Agréguele a esa lista su ídolo de cabecera, que no se va a equivocar.

Nicolino, aquel tunuyanino de pícara adolescencia lasherina tenía el talento del diez, de que sabe esconder el balón y obviar con elegancia y pelota dominada, el arrebato de un enceguecido rival.

La diferencia es que en vez de disponer de un balón en sus pies, Locche le ponía el cuero propio a un juego con mayores riesgos. Pero el talento, el ingenio, era el mismo.

Por ello en noches de Luna llena, Nicolino destellaba idolatría. Mientras Monzón motorizaba sensaciones desde su porte de macho de películas y Ringo Bonavena se anticipaba a la era del marketing promocionando sus peleas casi tanto como su carrera de cantante del Pío Pío junto a los legendarios uruguayos Los Shakers, Locche (casi un contemporáneo de ambos) era la contracara.

Si otros conmovían por los mazazos profundos de alguna zurda destructora (como Galíndez) Locche divertía por su oportuno juego de su cintura y el histrionismo propio de un Buster Keaton en technicolor.

A no confundirse. No se trata de desacreditar estilos ni el instinto de supervivencia del boxeo, pero con Nicolino hasta los más detractores podían aflojarse en su silla un sábado por la noche, encenderse un Fontanares con un wiskilin en la mano y enfrentarse a la Divina TV führer para entender que este deporte también hay espacio para la astucia e inteligencia de un tipo para zafar de los mamporros y habilidad para cachetear al de enfrente ante el primer descuido.

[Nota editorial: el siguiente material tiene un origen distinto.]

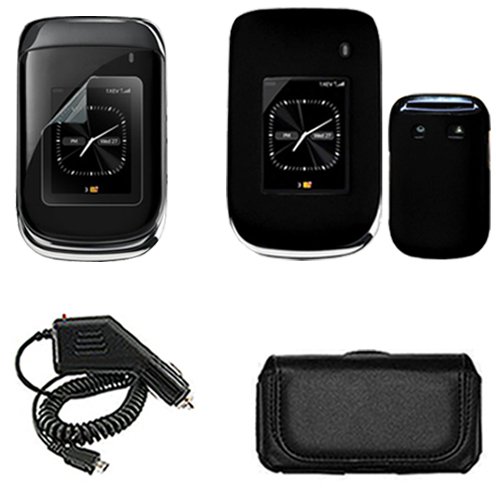 iNcido Brand Blackberry Style 9670 Combo Rubber Feel Black Protective Case Faceplate Cover + Rapid Car Charger + Black Horizontal Leather Pouch + LCD Screen Protector for Blackberry Style 9670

¿Puede el boxeo ser divertido? Con Locche era posible.

¿Puede asemejarse a un arte? Sí con Locche.

¿Podía ser el boxeo el plan de diversión de toda una familia, divertir a la mamá y a la abuelita? Claro que sí, con Locche obviamente.

Por eso Nicolino era un boxeador que jugaba. Casi un número diez de fútbol.

Suele decirse que los boxeadores como él, los wines y los cantantes de tangos son paradigmas en extinción. Pero todo es verso. Todo está por verse.

La historia no murió, por más que alguien procedió a declamar la muerte de las ideologías. Casi tanto como que el arte no puede morir mientras existan los artistas.